從經濟的角度考慮,華文媒體確實要有一個市場。有人買你的報紙,報紙才能經營下去。我們經曆過相當困難的時期,現在還是相當困難,我不單需要源源不絕的讀者群,我還需要記者。我常常收到前輩的短信,指出報紙上的翻譯問題。華文報紙除了不能有假新聞,要盡量做到客觀公正,還已經成爲集中呈現本地語文水平的一個平台。要求會越來越多,我甯可務實一點去看。在這個過程中,我知道我最終的目標不是功利的,但我必須借助這樣的過程,使我的報紙能夠好好存活下去,那我還可以維持那個水平,我才可以談文化和傳承。

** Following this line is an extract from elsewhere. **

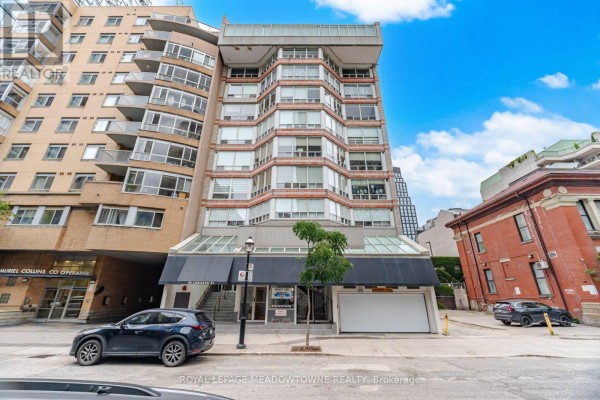 Front facade of the 82 Lombard Street apartment building with cars parked on the street. - 610 - 82 Lombard Street, Toronto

——李慧玲回答出席者有關“華文媒體是爲誰而寫,華文媒體尋求誰的認同”的提問
盲目跟隨能否真正贏得尊重?
最近我很關注課本和媒體選擇的用詞,例如‘腳踏車’是否改成‘自行車’?‘寮國’爲什麽變成‘老撾’、‘紐西蘭’變成‘新西蘭’?當然,中國崛起毋庸置疑,但我也在想,我們選擇的應對方式,在戰略上真的是最明智的嗎?因爲如果最後你只是一個wannabe(英語,“盲目追隨者”),只是很想成爲他們的一分子,他其實不是很‘睬’你的,但如果你有自己的一些東西,大家就有話可以聊,至少在某種程度上我們可以做一些文化上的交換。像我婆婆經常對我說:‘你很pandai(馬來語,“聰明”)!’我從小以爲‘pandai’是廣東話,但後來到香港才發現‘pandai’用不到,因爲是馬來語,但這其實是中國朋友會覺得我們有趣的地方,他們也可能因爲這個而願意和我們交談。如果你字正腔圓地跟他說北京話,跟他說‘咱們打滴’,他反而覺得你是刻意親近他,覺得你try too hard(英語,意指太刻意),那在戰略上我們就走錯了這盤棋。
——曾子謙
文化能否像“新生水”?
以新加坡的語境來诠釋‘飲水思源’,就是把喝進去的水排出來,成爲新生水。如果水對我們的國家那麽重要,我們甚至可以耗資興建新生水廠,把水進行再循環,這是否也能應用在我們的文化上?我們的文化或許也需要一‘新生水廠’?當我們自己生産,讓它流遍我們的身體,它就會成爲我們的一部分。如果它不是有機的,或許是時候把它排出體外。如果它是有機的,就會一直延續下去。